Eric Schneiderman Quotes He spoke Quotes mentioning him

Andrew Kreisberg : American television writer, producer and comic book writer. Kreisberg was suspended on November 10 in 2017, from his role as showrunner on The Flash, Arrow, Legends of Tomorrow, and Supergirl, after fifteen women and four men accused him of sexual harassment. On November 29, 2017, he was fired from all of Warner Bros. Television’s projects.

Andrew Kreisberg Quotes He spoke Quotes mentioning him

We can observe that the three examples seems have been cancelled by the media as the number of quotes spoken by them and the number of quotes mentioning them drastically decreased right after their conviction.

Statistical analysis

This observation has still to be confirmed by statistical analysis using a t-test assessing the difference of means of the number of quotes between the periods before and after their conviction. This has been done while studying a set of 65 accused people, mostly Americans.

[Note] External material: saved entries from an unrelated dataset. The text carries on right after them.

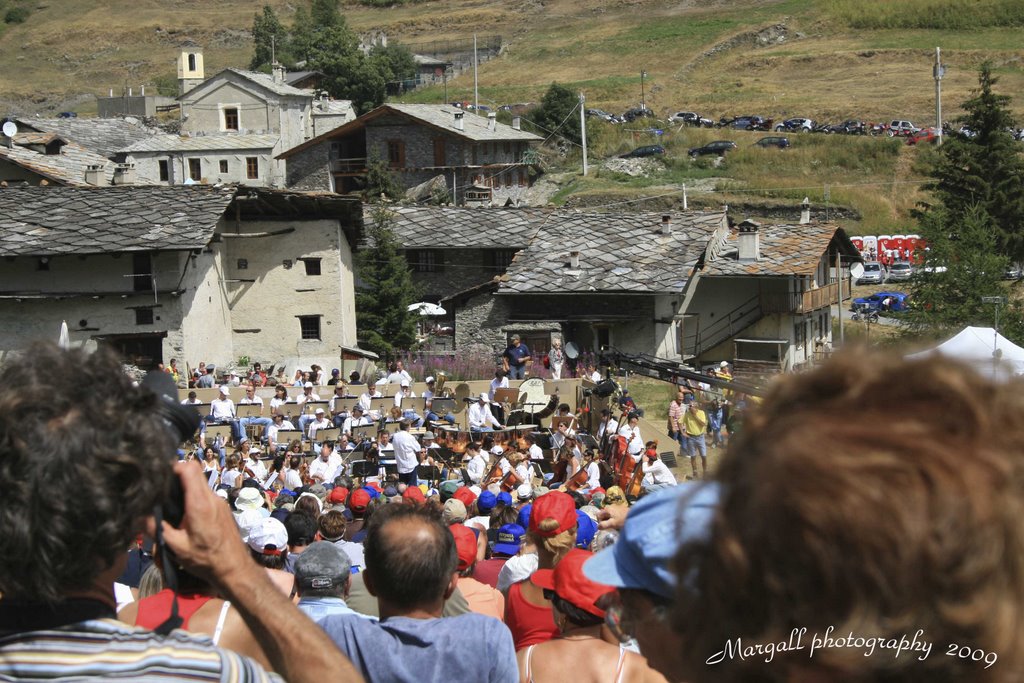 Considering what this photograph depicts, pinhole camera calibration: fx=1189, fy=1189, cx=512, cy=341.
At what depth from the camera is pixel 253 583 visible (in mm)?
2623

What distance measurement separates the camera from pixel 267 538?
609cm

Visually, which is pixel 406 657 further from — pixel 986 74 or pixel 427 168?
pixel 427 168

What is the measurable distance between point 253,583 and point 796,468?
1.47 m

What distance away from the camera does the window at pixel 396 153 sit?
62.6m

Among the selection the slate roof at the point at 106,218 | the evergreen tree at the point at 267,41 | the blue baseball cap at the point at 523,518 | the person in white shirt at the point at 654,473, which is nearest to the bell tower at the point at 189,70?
the evergreen tree at the point at 267,41

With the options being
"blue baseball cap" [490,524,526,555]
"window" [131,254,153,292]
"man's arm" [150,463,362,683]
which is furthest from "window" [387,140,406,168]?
"man's arm" [150,463,362,683]

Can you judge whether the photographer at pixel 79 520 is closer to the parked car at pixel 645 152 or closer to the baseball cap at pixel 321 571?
the baseball cap at pixel 321 571

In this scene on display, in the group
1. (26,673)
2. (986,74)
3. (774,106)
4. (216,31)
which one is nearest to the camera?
(26,673)

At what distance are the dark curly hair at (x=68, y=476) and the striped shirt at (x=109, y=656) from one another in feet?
0.29

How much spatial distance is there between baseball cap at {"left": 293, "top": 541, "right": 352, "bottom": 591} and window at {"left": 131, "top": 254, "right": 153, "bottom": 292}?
88.0 feet

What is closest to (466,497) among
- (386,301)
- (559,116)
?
(386,301)

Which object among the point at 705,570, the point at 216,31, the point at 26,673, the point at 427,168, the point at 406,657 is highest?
the point at 216,31

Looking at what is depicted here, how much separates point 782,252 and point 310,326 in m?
15.9

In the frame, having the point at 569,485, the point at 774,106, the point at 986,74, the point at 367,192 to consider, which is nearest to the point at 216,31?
the point at 774,106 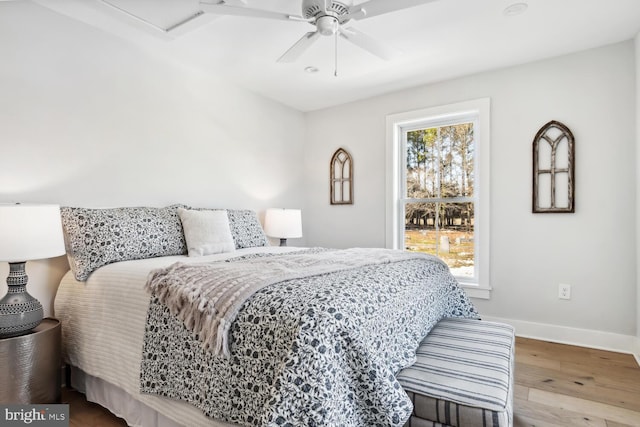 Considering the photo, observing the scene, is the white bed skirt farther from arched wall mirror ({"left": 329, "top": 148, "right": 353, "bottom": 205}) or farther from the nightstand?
arched wall mirror ({"left": 329, "top": 148, "right": 353, "bottom": 205})

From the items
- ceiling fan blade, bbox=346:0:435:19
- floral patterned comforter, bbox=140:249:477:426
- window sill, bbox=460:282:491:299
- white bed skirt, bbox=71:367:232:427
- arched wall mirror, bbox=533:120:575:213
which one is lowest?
white bed skirt, bbox=71:367:232:427

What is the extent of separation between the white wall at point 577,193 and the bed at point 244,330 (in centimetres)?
116

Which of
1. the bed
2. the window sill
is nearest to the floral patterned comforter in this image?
the bed

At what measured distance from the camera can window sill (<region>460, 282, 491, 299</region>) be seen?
3322 mm

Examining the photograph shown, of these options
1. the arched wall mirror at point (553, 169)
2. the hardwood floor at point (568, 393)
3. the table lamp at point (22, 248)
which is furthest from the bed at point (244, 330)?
the arched wall mirror at point (553, 169)

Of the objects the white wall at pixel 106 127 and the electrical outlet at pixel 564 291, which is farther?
the electrical outlet at pixel 564 291

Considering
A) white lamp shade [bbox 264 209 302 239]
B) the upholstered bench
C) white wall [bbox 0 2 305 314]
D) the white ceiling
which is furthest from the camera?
white lamp shade [bbox 264 209 302 239]

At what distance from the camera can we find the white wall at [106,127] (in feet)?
7.22

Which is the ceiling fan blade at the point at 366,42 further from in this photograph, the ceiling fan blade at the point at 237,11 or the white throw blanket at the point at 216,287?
the white throw blanket at the point at 216,287

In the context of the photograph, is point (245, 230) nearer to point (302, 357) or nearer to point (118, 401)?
point (118, 401)


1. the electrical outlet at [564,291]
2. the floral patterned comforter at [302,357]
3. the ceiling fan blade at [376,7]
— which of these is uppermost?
the ceiling fan blade at [376,7]

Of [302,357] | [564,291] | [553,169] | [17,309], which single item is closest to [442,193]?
[553,169]

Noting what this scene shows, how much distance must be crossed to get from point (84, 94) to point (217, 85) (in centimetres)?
125

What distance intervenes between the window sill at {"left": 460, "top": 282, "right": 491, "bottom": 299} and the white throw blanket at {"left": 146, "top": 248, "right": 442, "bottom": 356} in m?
2.00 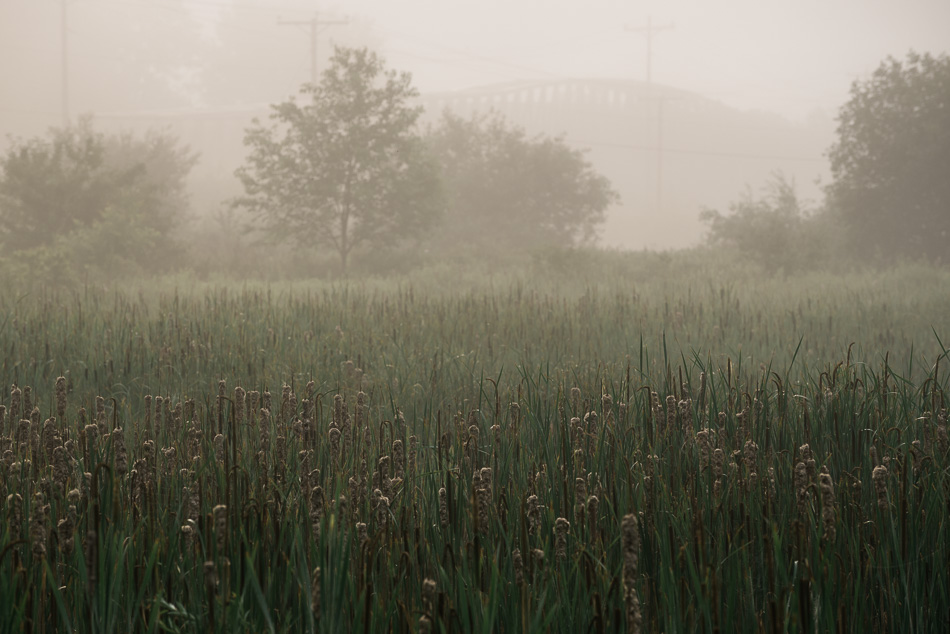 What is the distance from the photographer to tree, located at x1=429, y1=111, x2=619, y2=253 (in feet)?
113

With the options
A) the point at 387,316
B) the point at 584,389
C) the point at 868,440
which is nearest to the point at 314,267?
the point at 387,316

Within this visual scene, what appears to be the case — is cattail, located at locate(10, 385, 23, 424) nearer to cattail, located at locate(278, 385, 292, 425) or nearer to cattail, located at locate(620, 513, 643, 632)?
cattail, located at locate(278, 385, 292, 425)

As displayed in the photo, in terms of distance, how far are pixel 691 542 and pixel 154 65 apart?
80783mm

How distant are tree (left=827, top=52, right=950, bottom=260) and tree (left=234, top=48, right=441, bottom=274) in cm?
1565

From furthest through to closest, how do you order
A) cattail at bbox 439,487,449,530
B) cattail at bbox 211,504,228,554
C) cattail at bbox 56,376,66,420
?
cattail at bbox 56,376,66,420
cattail at bbox 439,487,449,530
cattail at bbox 211,504,228,554

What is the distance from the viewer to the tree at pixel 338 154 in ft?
77.1

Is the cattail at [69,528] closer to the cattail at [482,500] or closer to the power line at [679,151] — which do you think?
the cattail at [482,500]

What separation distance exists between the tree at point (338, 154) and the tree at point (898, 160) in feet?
51.3

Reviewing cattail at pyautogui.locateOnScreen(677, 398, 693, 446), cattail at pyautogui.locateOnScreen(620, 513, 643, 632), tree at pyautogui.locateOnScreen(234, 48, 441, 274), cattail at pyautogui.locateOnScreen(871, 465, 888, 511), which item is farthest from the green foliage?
cattail at pyautogui.locateOnScreen(620, 513, 643, 632)

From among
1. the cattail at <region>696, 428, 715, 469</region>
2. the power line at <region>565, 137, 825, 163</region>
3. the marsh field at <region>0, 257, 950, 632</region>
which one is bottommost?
the marsh field at <region>0, 257, 950, 632</region>

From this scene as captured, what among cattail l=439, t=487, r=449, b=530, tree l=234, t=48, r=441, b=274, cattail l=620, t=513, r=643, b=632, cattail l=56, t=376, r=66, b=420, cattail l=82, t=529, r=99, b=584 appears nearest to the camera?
cattail l=620, t=513, r=643, b=632

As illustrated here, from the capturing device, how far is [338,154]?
23.7 metres

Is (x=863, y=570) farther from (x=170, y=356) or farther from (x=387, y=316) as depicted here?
(x=387, y=316)

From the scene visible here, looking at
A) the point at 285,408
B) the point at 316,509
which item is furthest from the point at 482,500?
the point at 285,408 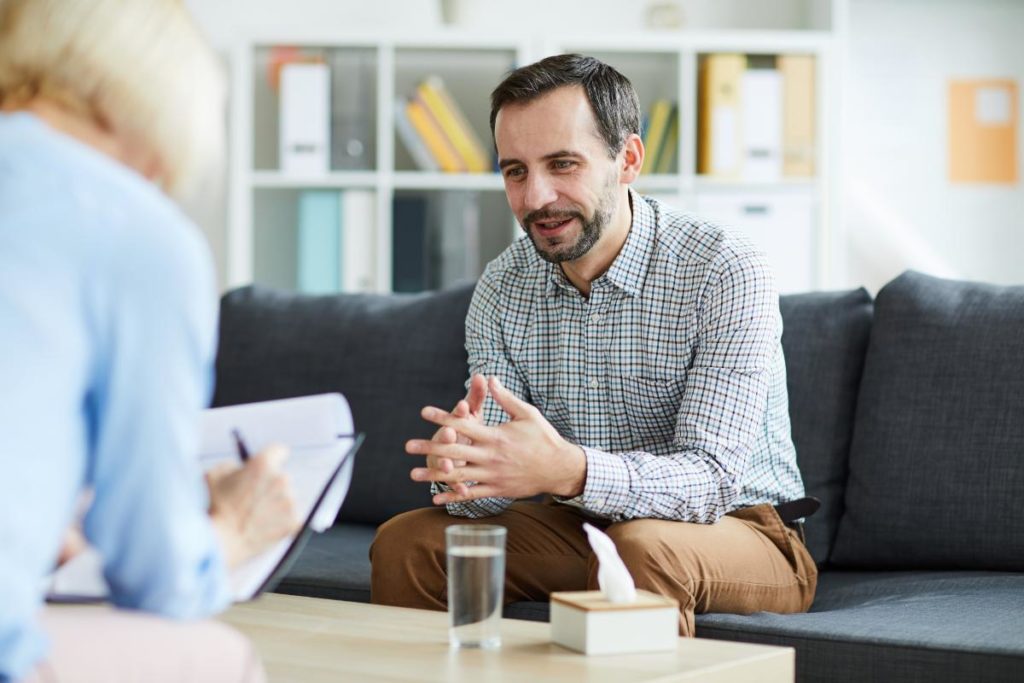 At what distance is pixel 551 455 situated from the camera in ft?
5.57

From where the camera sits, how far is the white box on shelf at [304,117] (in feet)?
12.0

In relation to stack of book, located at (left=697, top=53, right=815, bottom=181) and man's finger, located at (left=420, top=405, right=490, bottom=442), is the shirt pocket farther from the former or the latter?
stack of book, located at (left=697, top=53, right=815, bottom=181)

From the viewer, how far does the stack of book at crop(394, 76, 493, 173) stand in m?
3.67

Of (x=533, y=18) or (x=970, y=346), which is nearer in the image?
(x=970, y=346)

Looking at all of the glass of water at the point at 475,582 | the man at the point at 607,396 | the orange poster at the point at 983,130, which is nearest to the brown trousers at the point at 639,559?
the man at the point at 607,396

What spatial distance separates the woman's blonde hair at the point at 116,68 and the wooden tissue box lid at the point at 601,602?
64 cm

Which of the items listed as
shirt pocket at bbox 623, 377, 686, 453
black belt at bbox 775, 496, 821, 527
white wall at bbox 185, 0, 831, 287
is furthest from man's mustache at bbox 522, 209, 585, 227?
white wall at bbox 185, 0, 831, 287

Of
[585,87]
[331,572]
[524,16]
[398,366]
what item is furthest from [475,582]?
[524,16]

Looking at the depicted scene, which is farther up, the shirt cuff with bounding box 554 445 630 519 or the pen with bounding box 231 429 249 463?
the pen with bounding box 231 429 249 463

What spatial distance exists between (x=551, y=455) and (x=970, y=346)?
79 centimetres

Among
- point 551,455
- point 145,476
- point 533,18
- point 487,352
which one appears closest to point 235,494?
point 145,476

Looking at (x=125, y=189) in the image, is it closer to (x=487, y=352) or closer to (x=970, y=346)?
(x=487, y=352)

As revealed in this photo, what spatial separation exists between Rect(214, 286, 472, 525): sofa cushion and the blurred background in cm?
103

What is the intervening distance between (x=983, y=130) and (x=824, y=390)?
2069mm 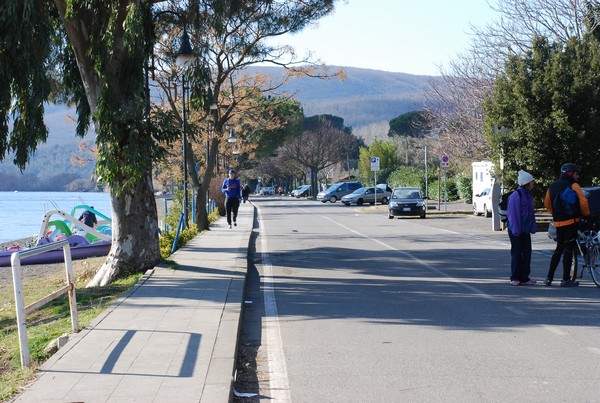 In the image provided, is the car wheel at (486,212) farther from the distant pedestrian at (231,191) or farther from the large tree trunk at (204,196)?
the large tree trunk at (204,196)

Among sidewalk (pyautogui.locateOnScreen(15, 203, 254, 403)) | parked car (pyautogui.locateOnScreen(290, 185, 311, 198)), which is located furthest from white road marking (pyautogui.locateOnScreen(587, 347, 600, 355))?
parked car (pyautogui.locateOnScreen(290, 185, 311, 198))

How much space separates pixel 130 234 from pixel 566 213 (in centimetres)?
763

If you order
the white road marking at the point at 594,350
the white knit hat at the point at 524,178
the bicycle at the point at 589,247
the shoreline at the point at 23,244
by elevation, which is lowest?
the shoreline at the point at 23,244

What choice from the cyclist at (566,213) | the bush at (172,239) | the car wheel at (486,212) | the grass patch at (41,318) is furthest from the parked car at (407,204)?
the cyclist at (566,213)

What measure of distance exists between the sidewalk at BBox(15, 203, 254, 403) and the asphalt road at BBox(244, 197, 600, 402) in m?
0.43

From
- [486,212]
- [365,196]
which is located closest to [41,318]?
[486,212]

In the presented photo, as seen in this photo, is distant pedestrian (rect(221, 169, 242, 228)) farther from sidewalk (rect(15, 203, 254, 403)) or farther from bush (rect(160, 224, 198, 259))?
sidewalk (rect(15, 203, 254, 403))

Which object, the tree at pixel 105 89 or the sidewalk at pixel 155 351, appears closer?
the sidewalk at pixel 155 351

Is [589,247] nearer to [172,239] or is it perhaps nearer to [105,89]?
[105,89]

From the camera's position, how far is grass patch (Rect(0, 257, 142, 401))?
22.5ft

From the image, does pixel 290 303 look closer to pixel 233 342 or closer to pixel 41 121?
pixel 233 342

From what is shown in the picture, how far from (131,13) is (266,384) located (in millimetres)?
8261

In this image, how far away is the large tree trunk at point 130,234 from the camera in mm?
14500

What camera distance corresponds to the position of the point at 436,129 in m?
53.8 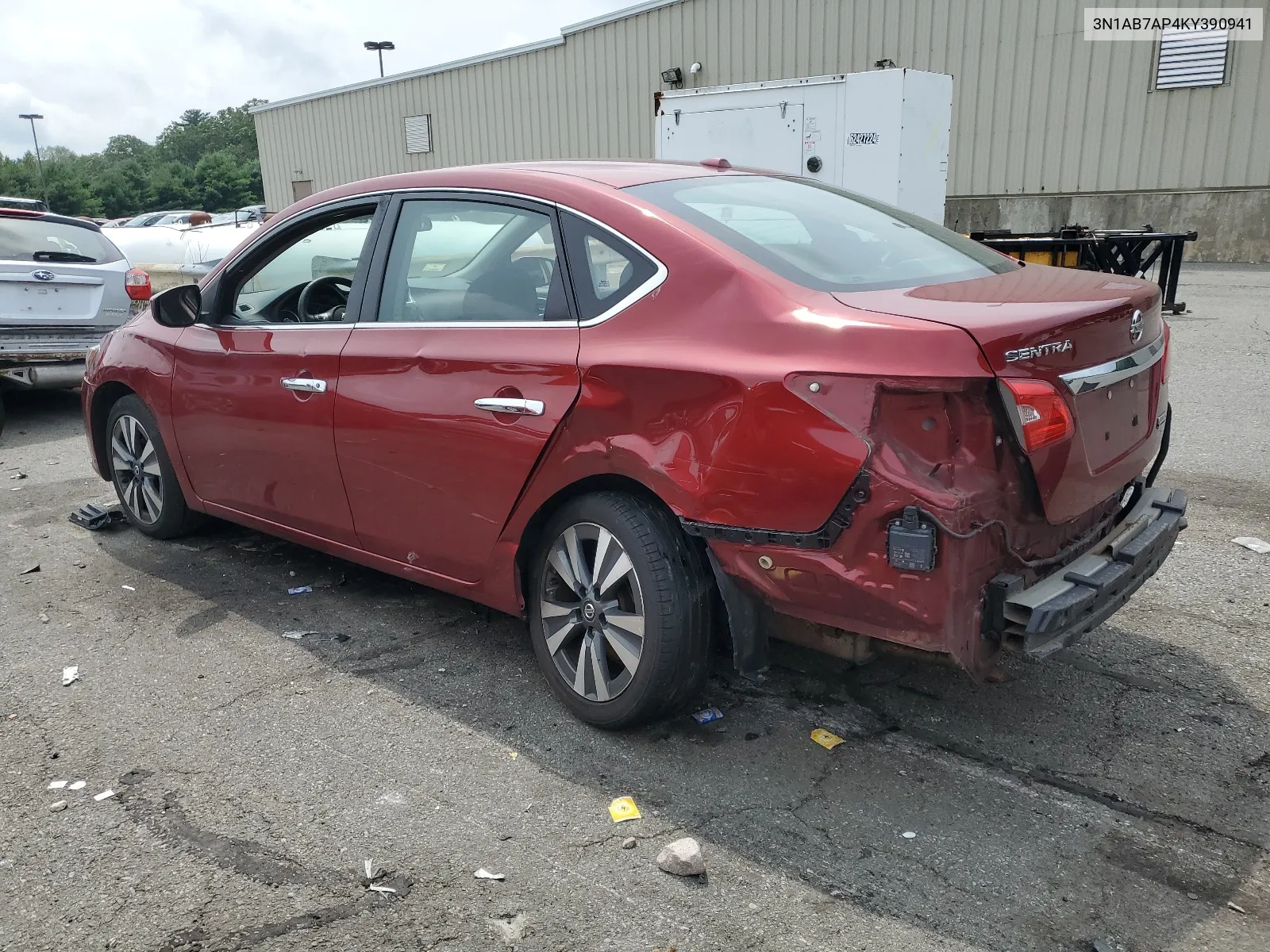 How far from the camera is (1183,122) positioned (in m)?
19.9

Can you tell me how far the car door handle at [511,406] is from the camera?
3213 mm

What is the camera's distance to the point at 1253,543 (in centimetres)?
468

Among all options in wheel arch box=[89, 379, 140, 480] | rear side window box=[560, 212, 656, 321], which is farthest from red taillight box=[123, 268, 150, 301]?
rear side window box=[560, 212, 656, 321]

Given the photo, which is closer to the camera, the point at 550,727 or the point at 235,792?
the point at 235,792

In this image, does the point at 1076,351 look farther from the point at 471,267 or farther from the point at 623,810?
the point at 471,267

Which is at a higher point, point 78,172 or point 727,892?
point 78,172

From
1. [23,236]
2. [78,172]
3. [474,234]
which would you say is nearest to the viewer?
[474,234]

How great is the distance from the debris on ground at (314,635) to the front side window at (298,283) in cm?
126

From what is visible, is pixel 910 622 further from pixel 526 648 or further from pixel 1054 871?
pixel 526 648

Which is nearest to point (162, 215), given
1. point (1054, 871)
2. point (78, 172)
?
point (1054, 871)

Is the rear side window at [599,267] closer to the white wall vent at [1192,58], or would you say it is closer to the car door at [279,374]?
the car door at [279,374]

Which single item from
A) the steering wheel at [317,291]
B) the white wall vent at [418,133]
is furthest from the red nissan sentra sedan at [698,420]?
the white wall vent at [418,133]

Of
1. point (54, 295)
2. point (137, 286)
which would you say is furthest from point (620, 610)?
point (137, 286)

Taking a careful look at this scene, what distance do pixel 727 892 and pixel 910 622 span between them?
80 centimetres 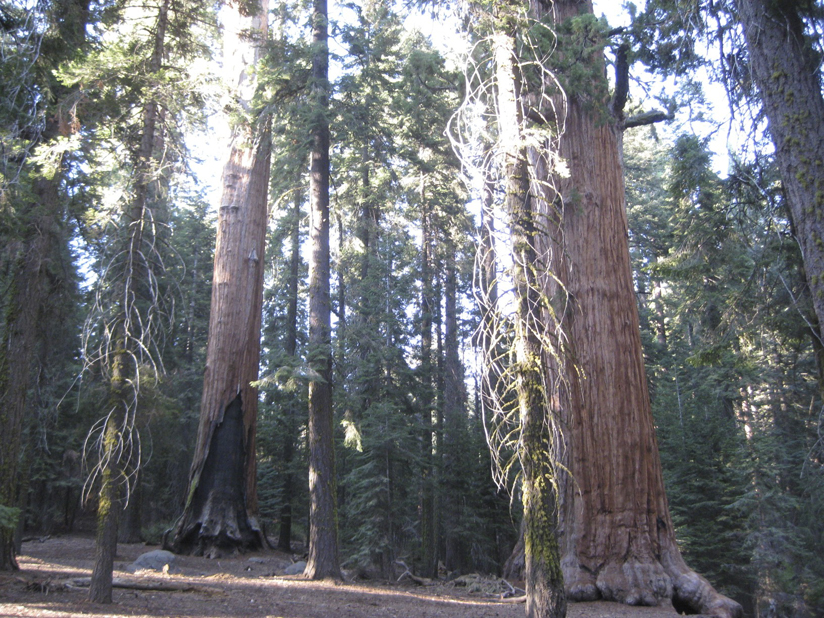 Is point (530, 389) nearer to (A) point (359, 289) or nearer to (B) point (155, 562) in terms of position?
(B) point (155, 562)

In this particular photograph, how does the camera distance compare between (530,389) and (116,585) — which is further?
(116,585)

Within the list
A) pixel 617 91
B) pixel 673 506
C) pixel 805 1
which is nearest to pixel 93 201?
pixel 617 91

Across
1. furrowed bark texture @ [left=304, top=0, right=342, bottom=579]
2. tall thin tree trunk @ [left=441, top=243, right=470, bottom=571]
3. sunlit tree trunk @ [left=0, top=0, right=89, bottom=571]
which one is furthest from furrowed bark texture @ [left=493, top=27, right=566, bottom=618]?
tall thin tree trunk @ [left=441, top=243, right=470, bottom=571]

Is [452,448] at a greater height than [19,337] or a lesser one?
lesser

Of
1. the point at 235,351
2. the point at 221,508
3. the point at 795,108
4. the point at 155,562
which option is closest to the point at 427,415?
the point at 235,351

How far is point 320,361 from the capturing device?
396 inches

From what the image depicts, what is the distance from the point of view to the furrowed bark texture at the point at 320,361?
9.60 meters

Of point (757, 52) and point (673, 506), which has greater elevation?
point (757, 52)

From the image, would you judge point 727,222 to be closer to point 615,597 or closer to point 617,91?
point 617,91

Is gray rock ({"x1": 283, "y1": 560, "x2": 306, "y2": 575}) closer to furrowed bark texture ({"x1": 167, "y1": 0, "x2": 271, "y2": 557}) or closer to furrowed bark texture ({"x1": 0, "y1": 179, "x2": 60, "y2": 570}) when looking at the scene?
furrowed bark texture ({"x1": 167, "y1": 0, "x2": 271, "y2": 557})

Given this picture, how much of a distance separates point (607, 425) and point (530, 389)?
366 cm

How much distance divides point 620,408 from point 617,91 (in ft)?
14.6

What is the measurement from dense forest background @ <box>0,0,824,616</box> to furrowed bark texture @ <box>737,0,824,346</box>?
1.93 feet

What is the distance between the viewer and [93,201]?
973cm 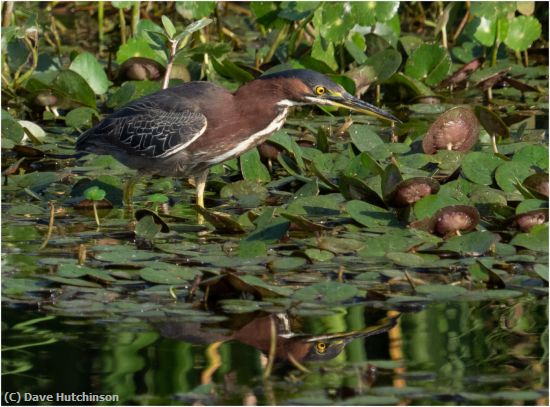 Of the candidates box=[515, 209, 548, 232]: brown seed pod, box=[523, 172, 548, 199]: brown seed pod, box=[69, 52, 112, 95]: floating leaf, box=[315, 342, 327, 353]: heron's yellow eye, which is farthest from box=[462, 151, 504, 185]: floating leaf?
box=[69, 52, 112, 95]: floating leaf

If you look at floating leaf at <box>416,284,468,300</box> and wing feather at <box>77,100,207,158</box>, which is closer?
floating leaf at <box>416,284,468,300</box>

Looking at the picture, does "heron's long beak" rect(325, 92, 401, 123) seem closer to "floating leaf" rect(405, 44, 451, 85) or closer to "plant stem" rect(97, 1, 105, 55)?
"floating leaf" rect(405, 44, 451, 85)

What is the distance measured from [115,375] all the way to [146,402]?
0.25 m

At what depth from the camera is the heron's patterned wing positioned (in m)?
6.32

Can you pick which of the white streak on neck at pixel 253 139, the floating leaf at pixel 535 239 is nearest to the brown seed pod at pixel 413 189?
the floating leaf at pixel 535 239

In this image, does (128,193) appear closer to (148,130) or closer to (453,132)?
(148,130)

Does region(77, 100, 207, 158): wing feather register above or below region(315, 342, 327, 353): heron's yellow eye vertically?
above

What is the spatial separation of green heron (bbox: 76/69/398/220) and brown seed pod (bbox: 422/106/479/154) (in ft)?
1.53

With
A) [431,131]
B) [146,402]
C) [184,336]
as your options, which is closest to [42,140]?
[431,131]

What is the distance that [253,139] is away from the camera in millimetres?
6316

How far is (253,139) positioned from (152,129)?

First, a t-test has been assessed between the normalized means of the count of quotes pronounced by them between the periods before and after their conviction, for each of the 65 accused people. This resulted with a significant p-value (p = 0.00046 <0.05). This showcases that accused people are probably rejected by the society, giving them less time to express themselves, shutting them off the media, radios. Secondly, another t-test has been assessed between the normalized means of the count of quotes mentioning them, again between the periods before and after their conviction, for these same 65 accused people. This resulted with a non-significant p-value (p = 0.672 > 0.05). This means that we couldn’t show that society, in general, talks less about these people after their conviction.


Conclusion

foursquare_logo Based on the analyses performed, the ebb and flow of media coverage and therefore public attention on MeToo and sexual harassment can be directly linked to a few traumatic events, i.e. accusations, that happened in waves. Only some very famous people being accused in a short time frame helped shape media coverage. These in turn promoted the existence of non-traumatic events, such as manifestations and documentaries. In conclusion, further research in addition to this analysis, scraping all newspapers’ websites, social media interactions etc. to get a much deeper understanding of the main factors affecting a human rights movement would be more than warranted. Nonetheless, the Quotebank dataset is a powerful proxy of public discussion: it is uniquely suited to analyse for example how much people are able to reach the wider public or not, as we did with cancel culture.